* What to work on
Output every record word for word, minus the pictures.

* Recorded data
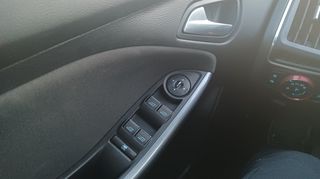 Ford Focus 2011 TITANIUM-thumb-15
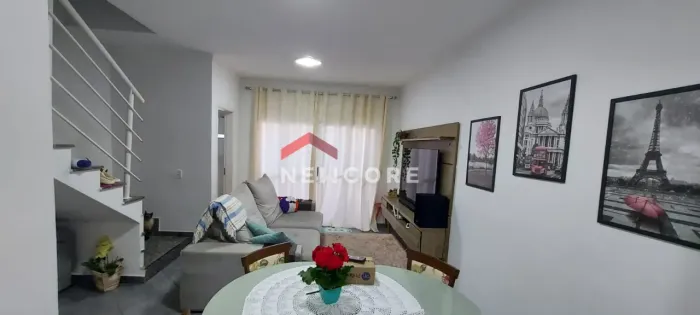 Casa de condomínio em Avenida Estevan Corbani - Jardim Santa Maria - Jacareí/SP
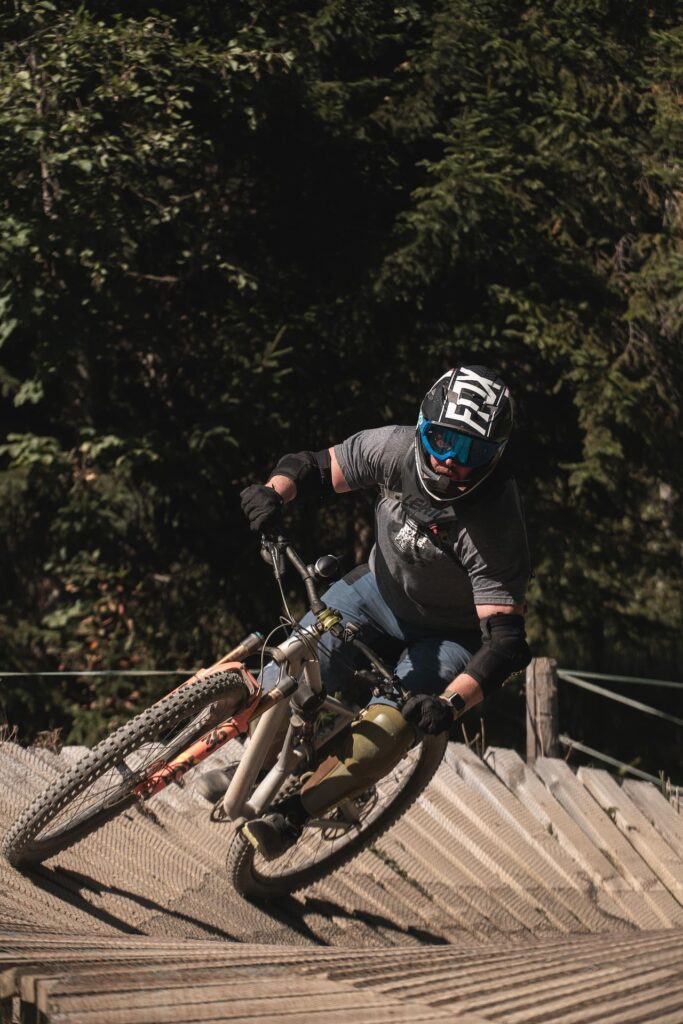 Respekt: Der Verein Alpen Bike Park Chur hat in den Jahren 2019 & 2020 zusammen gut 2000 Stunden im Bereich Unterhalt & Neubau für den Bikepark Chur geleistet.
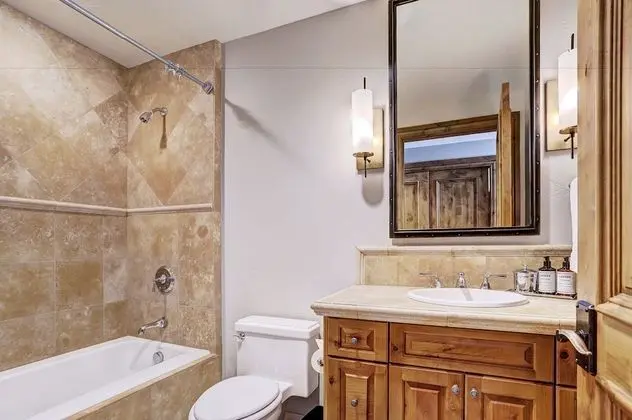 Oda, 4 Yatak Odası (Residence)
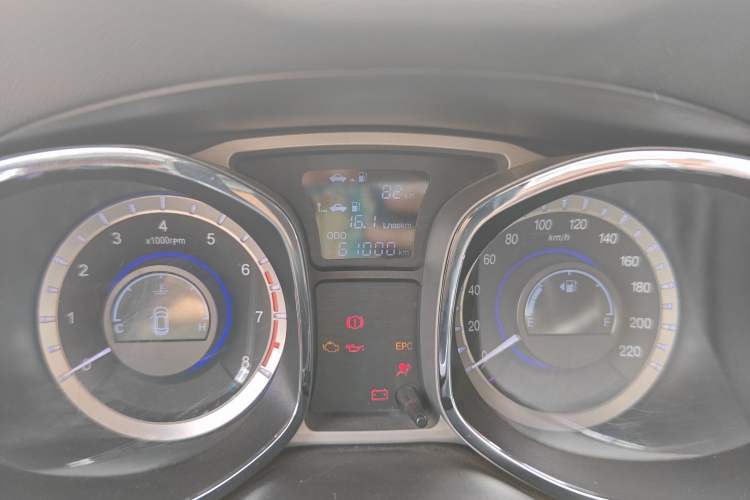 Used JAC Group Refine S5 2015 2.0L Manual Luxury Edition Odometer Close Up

* Response to this task
 Ford Focus 2011 TITANIUM-thumb-15
 Casa de condomínio em Avenida Estevan Corbani - Jardim Santa Maria - Jacareí/SP
 Respekt: Der Verein Alpen Bike Park Chur hat in den Jahren 2019 & 2020 zusammen gut 2000 Stunden im Bereich Unterhalt & Neubau für den Bikepark Chur geleistet.
 Oda, 4 Yatak Odası (Residence)
 Used JAC Group Refine S5 2015 2.0L Manual Luxury Edition Odometer Close Up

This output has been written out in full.